Review: I'm an English Ausralian living in Prague. This restaurant is 10 minutes from home and when I found it I was really excited. I love my Indian food. I'd eaten at Govinda restaurants in Australia and I'd visited various Hari Krishna places around the world. In Prague there is a brilliant Indian restaurant called Taj Mahal, but I paid $80 for two and you can't afford that too often on a high school teacher's pay. Consequently Govindas was entered with great anticipation. Govindas was clean, welcoming, bright and nicely decorated. You go to a hatch at the rear where a nice Czech lady with excellent English explains that you pay 105czk and for that, you can just keep coming back till you are full. She gave me a thali with various vegetarian dishes on it, and a drink in a metal container - just like in India. I am not a vegetarian so I was not concerned with the specifics. I was unfortunately disappointed. Hari Krishna food is called prasad - a dedication of food to Krishna. And by definition it is Indian. But the food I was given had never seen an Indian spice. You can buy all the spices needed right here in Prague so it must be a decision by Govindas to keep the food bland for a Czech clientelle. I'll go again. It is friendly, cheap and near where I live, but I will keep looking for an Indian restaurant I can afford.
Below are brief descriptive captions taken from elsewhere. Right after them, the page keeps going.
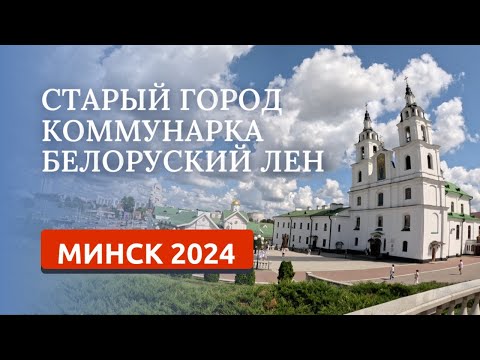 Видео: МИНСК 2024/ПРОГУЛКА ПО ИСТОРИЧЕСКОМУ ЦЕНТРУ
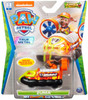 Paw Patrol True Metal Zuma Diecast Car [Jungle Rescue]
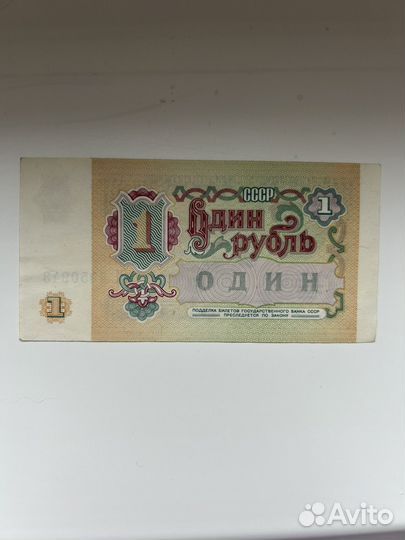 1 рубль СССР 1991 купюра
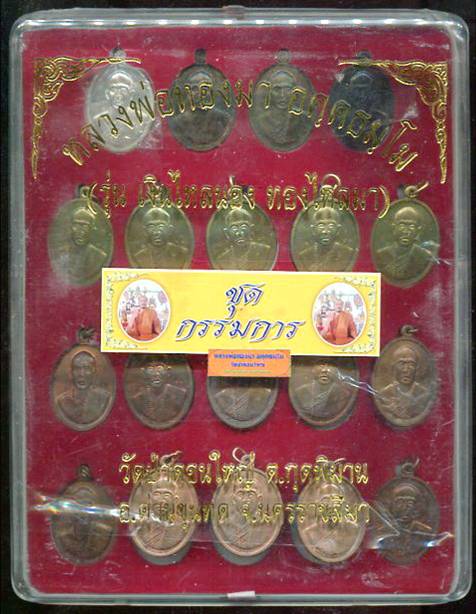 ชุดกรรมการ 19 เหรียญ เหรียญหลวงพ่อทองมา วัดป่าดอนใหญ่ นครราชสีมา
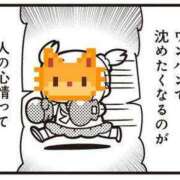 ヒメ日記 2025/11/04 20:56 投稿 白鳥ひより＠緊縛師Gカップ アナラードライ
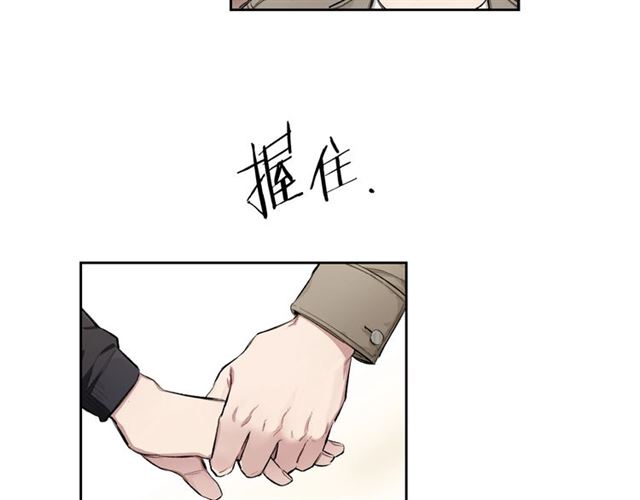 第9话 坦白心意5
Govindas unfortunately needs a strong injection of someone who is actually Indian, or at the very least they need to look at a few videos on Youtube that show how to make Indian food, because Indian it aint. Just on another point, the vegetarian place called Country Life in Prague would have to be the blandest, most uninteresting food I have every eaten in my life, but the food at Govindas isn't far behind. Please please please Govindas, if you read this review, please offer something that is spicey. It doesn't have to melt spoons, but it should have some of the subtle flavours we associate with Indian food, not the blandness we associate with Czech food.